Could you manage on £4.2 million a year?

In an earlier posting, I invited you to check your income against the average for the UK, and a range of other countries around the world. I doubt whether you earn as much as the chief executive of a top British company. The average annual pay of a FTSE 100 boss now stands at £4.2 million, according the employment research group Incomes Data Services.

How can this happen? According to a new report from the High Pay Centre, it is because the remuneration committees of these companies are full of current or former company bosses who are busy awarding each other outrageous pay packages. The report reveals that 46% of people sitting on remuneration committees are current or former lead executives.

I am Chair of a Remuneration Committee of an organisation which is currently debating whether we can afford to give staff their first cost of living pay increase in three years.  Meanwhile senior levels of the private sector are making a mockery of the Government’s assertion that “we’re all in this together”.

Of course, people with special skills and responsibilities deserve to be paid more than others, but £4.2 million is 170 times the UK average salary.  Does anyone really deserve or need such a scale of remuneration?
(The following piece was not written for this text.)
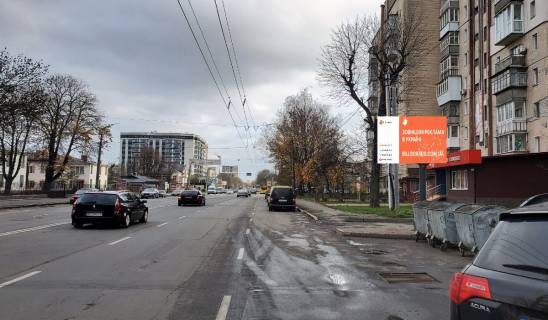 Білборд, Бігборд (Борд)  A у Хмельницькому, 2,32*3,14  вул.Шевченкa, 8 , неподалік: відділення Банків, Супермаркети та дрібна комерція Фото 1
Does it matter that the UK – like the USA – has such massive differentials in pay which are growing wider all the time? There is an impressive body of research that suggests that nations with wide income differentials perform much worse on a whole range of social incomes than countries – like the Scandinavian nations – with a narrower range of incomes. I recommend the examination of this thesis in the book “The Spirit Level” [my review here].